Nous pouvons citer deux exemples assez significatifs des différences entre ces deux groupes de textes. Tout d’abord celui des différentes cotations du dollar : le dólar comercial [dollar commercial] qui est une cotation établie par le gouvernement pour les transactions commerciales (exportation et importation), est un terme commun aux deux groupes de revues. Par contre, le dólar paralelo [dollar parallèle], qui est la cotation du dollar sur le marché parallèle, cotation non contrôlée par le gouvernement et résultat de l’offre et de la demande, a la fréquence 8 dans les RIG, et seulement la fréquence 1 dans les RS ; en effet, le dollar parallèle n’intéresse pas les exportateurs, mais il constitue un investissement de choix pour les particuliers. Un autre exemple est celui du mercado interno [marché interne] qui est un terme commun, alors que le mercado externo [marché extérieur] est exclusif des RS, avec une fréquence élevée (12).

Nous n’avons pas maintenu la séparation entre les deux groupes de revues dans la suite du travail. Les deux corpus ont été fondus en un seul, et les fréquences exprimées dans la classification des termes sont celles de la totalité des textes étudiés. Toutefois, la comparaison entre le corpus de revues spécialisées et le corpus de revues d’information générale nous sera utile dans le chapitre 4 du présent travail, et pourra apporter certaines réponses quant à une éventuelle “ vulgarisation ” du vocabulaire économique et commercial.
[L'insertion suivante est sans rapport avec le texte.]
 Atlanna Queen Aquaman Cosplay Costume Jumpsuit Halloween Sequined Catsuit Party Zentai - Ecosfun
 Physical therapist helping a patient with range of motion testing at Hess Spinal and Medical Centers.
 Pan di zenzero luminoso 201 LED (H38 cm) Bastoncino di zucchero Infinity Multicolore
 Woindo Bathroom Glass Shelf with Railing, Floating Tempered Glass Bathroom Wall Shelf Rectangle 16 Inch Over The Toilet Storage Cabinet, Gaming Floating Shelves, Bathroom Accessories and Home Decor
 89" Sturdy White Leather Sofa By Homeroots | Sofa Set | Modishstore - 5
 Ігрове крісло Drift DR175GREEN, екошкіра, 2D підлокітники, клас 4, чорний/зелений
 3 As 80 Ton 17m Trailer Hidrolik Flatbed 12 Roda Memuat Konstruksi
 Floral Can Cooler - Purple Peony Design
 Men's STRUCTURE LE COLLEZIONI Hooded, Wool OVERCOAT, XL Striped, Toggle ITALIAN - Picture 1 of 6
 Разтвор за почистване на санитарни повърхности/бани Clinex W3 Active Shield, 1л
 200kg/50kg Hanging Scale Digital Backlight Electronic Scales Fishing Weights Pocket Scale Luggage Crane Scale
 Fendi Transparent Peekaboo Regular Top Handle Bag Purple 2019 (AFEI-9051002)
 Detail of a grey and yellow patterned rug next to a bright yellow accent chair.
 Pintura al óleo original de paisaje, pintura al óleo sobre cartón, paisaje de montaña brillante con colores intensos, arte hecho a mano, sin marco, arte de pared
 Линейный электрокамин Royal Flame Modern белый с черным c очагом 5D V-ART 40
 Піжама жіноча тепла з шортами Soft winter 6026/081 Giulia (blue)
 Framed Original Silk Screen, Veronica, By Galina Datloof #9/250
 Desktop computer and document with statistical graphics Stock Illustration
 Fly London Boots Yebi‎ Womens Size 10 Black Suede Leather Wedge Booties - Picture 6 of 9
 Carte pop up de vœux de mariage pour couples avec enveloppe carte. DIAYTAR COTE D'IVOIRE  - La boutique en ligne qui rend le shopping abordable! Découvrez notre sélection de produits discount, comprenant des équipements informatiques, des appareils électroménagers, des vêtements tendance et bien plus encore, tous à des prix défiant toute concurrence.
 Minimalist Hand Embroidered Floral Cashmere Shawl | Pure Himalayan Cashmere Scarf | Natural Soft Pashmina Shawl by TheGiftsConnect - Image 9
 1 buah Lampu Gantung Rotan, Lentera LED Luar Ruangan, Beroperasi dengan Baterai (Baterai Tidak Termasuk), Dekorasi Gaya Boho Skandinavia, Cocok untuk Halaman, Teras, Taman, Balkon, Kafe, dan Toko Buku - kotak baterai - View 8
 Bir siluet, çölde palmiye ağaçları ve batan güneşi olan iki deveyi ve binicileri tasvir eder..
Les choix faits lors de la collecte et de la mise en fiches des termes (voir 2.6.1), en particulier celui de consacrer une fiche à chaque groupe lexicalisé selon un critère documentaire, c’est-à-dire sa récurrence dans le corpus, ont pu nous poser certains problèmes pour le traitement des résultats. Nous nous sommes en particulier heurtée au problème du comptage des collocations. Ce problème est évoqué par Sinclair (1991 : 115) : si le mot “ a ” apparaît avec le mot “ b ”, mais que l’un des deux est plus fréquent que l’autre, quelle fréquence doit-on compter pour “ a ” et “ b ” ? doit-on compter un mot ou deux ? Nous avons fait le choix de traiter comme une unité les groupes de mots récurrents lors de la collecte des termes. Même si nous pensons que ce choix a été positif dans la mesure où il nous a permis d’observer le comportement de ces groupes de mots, il pose en effet un problème de “ comptage ”.

Nous pouvons citer le cas de câmbio [change]. En tant que mot isolé, câmbio n’apparaît que 4 fois. Dans notre liste de fréquence, il apparaît donc avec la fréquence 4. Par contre, on le retrouve dans les groupes suivants : câmbio comercial (f 4) [change commercial], câmbio paralelo (f 2) [change parallèle], câmbio real (f 2) [change réel], câmbio fixo (f 1) [change fixe], Taxa de Câmbio (f 33) [Taux de Change], TCR-Taxa de Câmbio Real (f 6) [Taux de Change Réel]. Doit-on donc considérer que câmbio a une fréquence de 53 ? Nous ne le pensons pas. Tout d’abord, il nous semble important de considérer Taxa de Câmbio comme une unité, car ce groupe a une signification propre, et sa fréquence de 33 en atteste. Le cas de Taxa de Câmbio Real est aussi significatif : ce groupe apparaît presque toujours sous la forme du sigle TCR, ce qui pour nous est une preuve de son “ indépendance ”. Quant aux groupes câmbio + adjectif, ils constituent, à notre avis, bien plus qu’une adjectivation de câmbio. Outre le fait qu’un groupe comme câmbio comercial a une fréquence significative, ils ont tous une signification propre. Ainsi, nous considérons que ce n’est pas le “ concept ” désigné par câmbio qui a une fréquence élevée, mais ses “ applications ” de câmbio comercial/paralelo/real/Taxa de Câmbio.